At high spatial resolution, Ellerman Bombs appear as candles flickering on the solar surface. Despite all we have learned about their nature in the past few years, a lot still stays unclear, writes Dr. Sanja Danilovic, from Stockholm University (Sweden). The European Solar Telescope will enable us to look into these features in unprecedented detail, she adds.

 

High-resolution observations and simulations of Ellerman Bombs. / Credit: Observations by Gregal Vissers (ISP, Stockholm University), animation by NCAR Vapor software

 

On September 21, 1915, while observing the Sun at Mount Wilson Observatory (USA), Ferdinand Ellerman saw an intense brightening in solar spectra. He wrote: "On the first occasion the appearance was so extraordinary that it seemed hardly real; after the second observation, however, the existence of such phenomena as part of the solar activity seemed established." Because these features were so prominent in spectra of hydrogen lines, he named them "solar hydrogen bombs". Today we call them after the discoverer himself - "Ellerman bombs" or just "EBs".

These features are common part of flux emergence. They occur repetitively in young emerging active regions, last for a few minutes and then disappear. When we look at them with today's instrumentation and sample the wings of the H-alpha spectral line, they appear as candles that flicker at the solar surface, sometimes with multiple flames. They are as long as 1000 km and almost always point towards the solar limb.

It took us exactly 100 years to explain what they really are. Thanks to numerical simulations, we can now say with certainty that these are locations where magnetic field reconnects and magnetic energy is converted to kinetic and thermal energy. During the reconnection, hot pockets of plasma are formed, which we then see as elongated flame-like features when we look at them from certain perspectives. They mark the location where heavy material that emerges from inside the Sun, gets rid of much of its mass and becomes free to expand further towards the upper solar atmosphere.

Although we have learned a lot about the nature of EBs in the past few years, a lot still stays unclear. The European Solar Telescope will enable us to look at these features in more detail and discover more about their properties and the underlying physical process.
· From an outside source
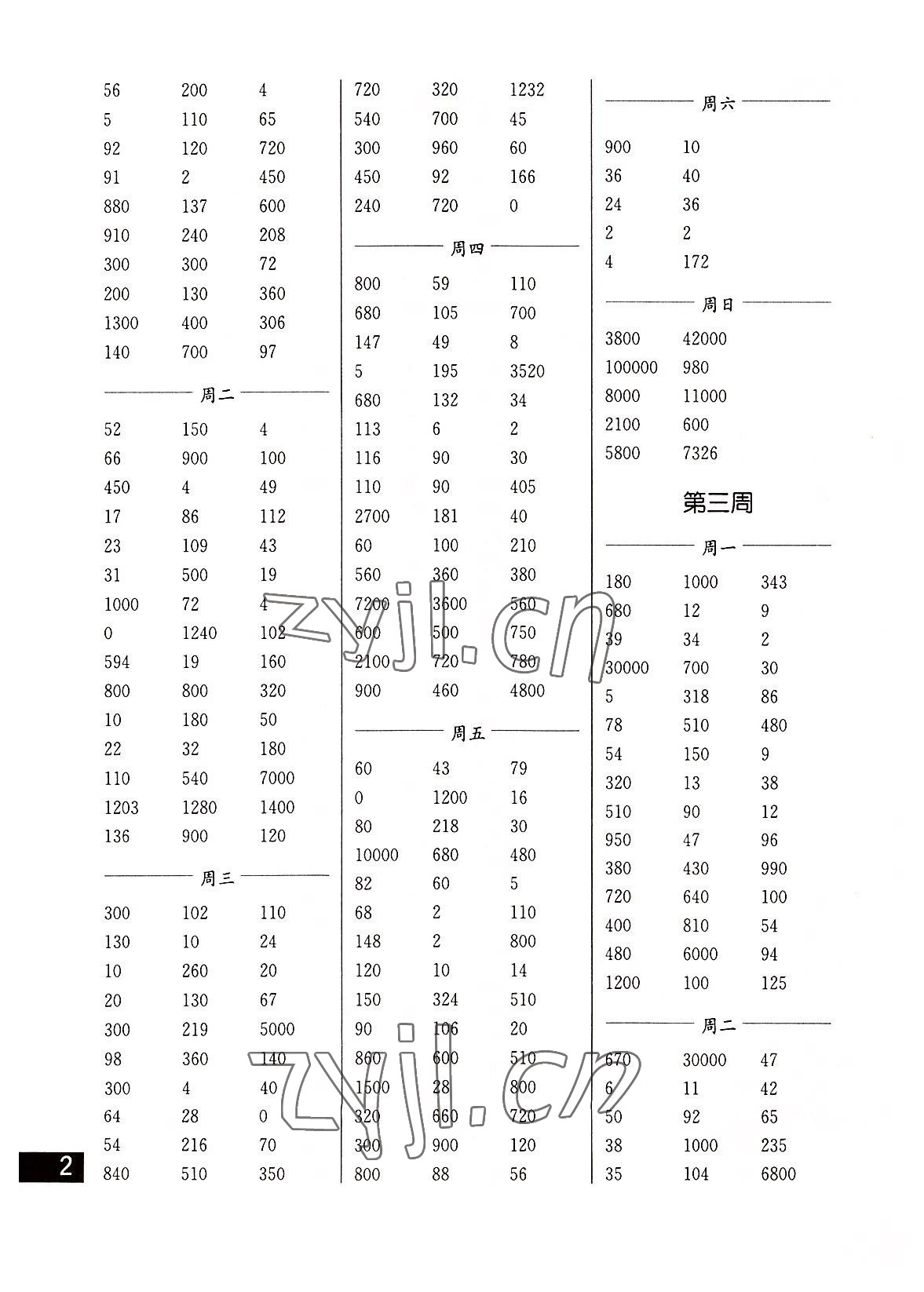 2022年口算练习册五年级上册苏教版 第2页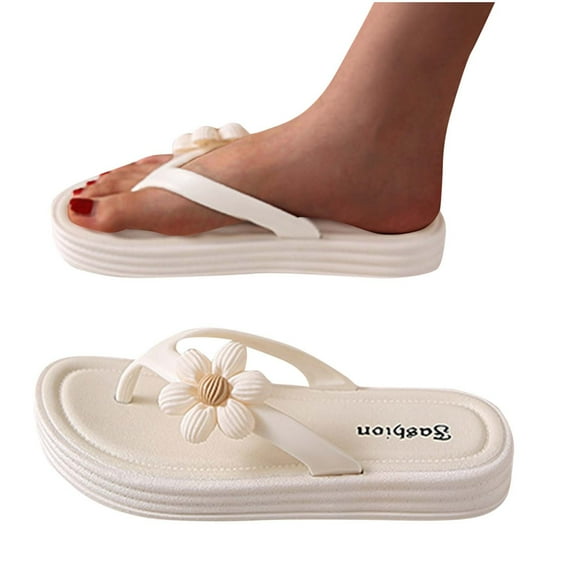 Xfvqtps Flip Flops for Womens Thick Sole Flower Decor Beach PVC Sandals White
The first half of the movie shows EBs as flames close to the solar limb in the red wing of the H-alpha spectral line as observed with the CRISP instrument at the Swedish 1-m solar Telescope on La Palma (Spain). The second half presents simulations showing the emergence of a magnetic sheet to the solar surface. Color lines denote magnetic field lines as they emerge and reconnect. The green areas are hot regions which correspond to the flames we observe. The animation was made by using the NCAR Vapor visualization software.